Inter-University Consortium for Political and Social Research (ICPSR)
ICPSR is an international consortium of about 700 academic institutions and research organizations that maintains a data archive of more than 500,000 files of research in the social sciences. The Consortium also provides training in data access, curation, and methods of analysis for the social science research community. ICPSR recently hosted a webinar on data management plans, and their website includes a framework and resources for researchers as well as a comprehensive Guide to Social Science Data Preparation and Archiving: Best Practice Throughout the Data Life Cycle (4th ed).  

Data Documentation Initiative (DDI)
The DDI Alliance of over 30 member organizations worldwide was founded by ICPSR in order to create international standards for describing social science data across the research lifecycle, including data conceptualization, collection, processing, distribution, analysis, and archiving. Using an XML standard, the DDI promotes interoperability, uniform variable structure, online analysis, and precise searching. The DDI website includes pages on Getting Started with DDI and DDI Best Practices.
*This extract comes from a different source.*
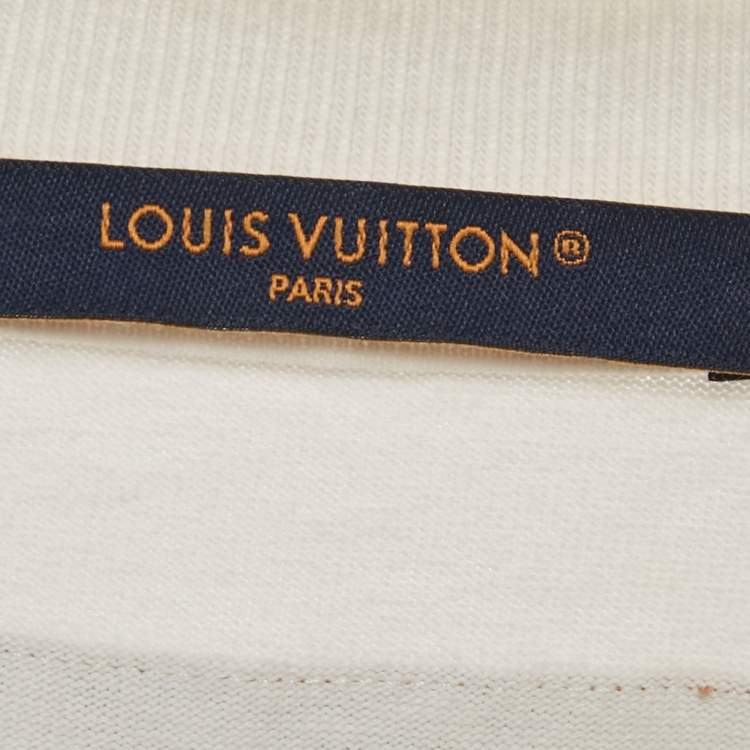 Pre Owned Louis Vuitton White Rainbow Print Jersey Crewneck T-Shirt M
The Dataverse Network Project
The Institute for Quantitative Social Science (IQSS) at Harvard University has made it possible through the Dataverse Network project to store and access data on a remote server. Specifically, “the Dataverse Network is an application to publish, share, reference, extract and analyze research data. It facilitates making data available to others, and allows replication of others work. Researchers and data authors get credit, publishers and distributors get credit, affiliated institutions get credit.” This free resource allows researchers to publish data and share it publicly or just with project collaborators.
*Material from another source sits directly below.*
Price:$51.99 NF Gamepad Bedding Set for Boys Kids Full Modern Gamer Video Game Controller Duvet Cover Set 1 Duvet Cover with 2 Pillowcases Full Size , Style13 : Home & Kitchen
UK Data Curation Centre (DCC)
The DCC is the UK’s leading centre of expertise in digital data curation, offering expert advice and practical help for anyone who has an obligation to store, manage and protect digital data. The DCC Curation Reference Manual contains advice, in-depth information and criticism on current digital curation techniques and best practice.  It is an ongoing, community-driven project, which involves members of the DCC community suggesting topics, authoring manual installments and conducting peer reviews.

Emerging Issues

National Science Foundation
In addition to the guidelines offered in the data archiving policy, NSF provides a framework for meeting the challenges of data access and management can be found in a 2007 report Cyberinfrastructure Vision for 21st Century Discovery . An earlier report by the National Science Board provides findings and recommendations from an analysis of the policy issues relevant to long-lived digital data collections. Other places to find resources for data management and archiving include:

National Academy of Sciences (NAS)
The National Research Council (NRC) report on Ensuring the Integrity, Accessibility, and Stewardship of Research Data in the Digital Age examines the consequences of the changes affecting research data with respect to three issues: integrity, accessibility, and stewardship. The authoring committee has developed a fundamental principle that applies in all fields of research regardless of the pace or nature of technological change. The report then explores the implications of these three central principles for the various components of the research enterprise.

National Science and Technology Council (NSTC)
Empowered by an array of new digital technologies, science in the 21st century will be conducted in a fully digital world. In this world, the power of digital information to catalyze progress is limited only by the power of the human mind. The NSTC report Harnessing the Power of Digital Data for Science and Society provide strategies to ensure that digital scientific data can be reliably preserved for maximum use in catalyzing progress in science and society.

Council of Governmental Relations (COGR)
Few institutions have formal policies and procedures for access to and retention of research data. The COGR guide on Access to and Retention of Research Data: Rights and Responsibilities and its component case studies are intended to assist these stakeholders in recognizing situations where roles or policy need to be clarified, to identify issues that may need to be addressed, and to review options for defining responsibilities with respect to access and retention of research data.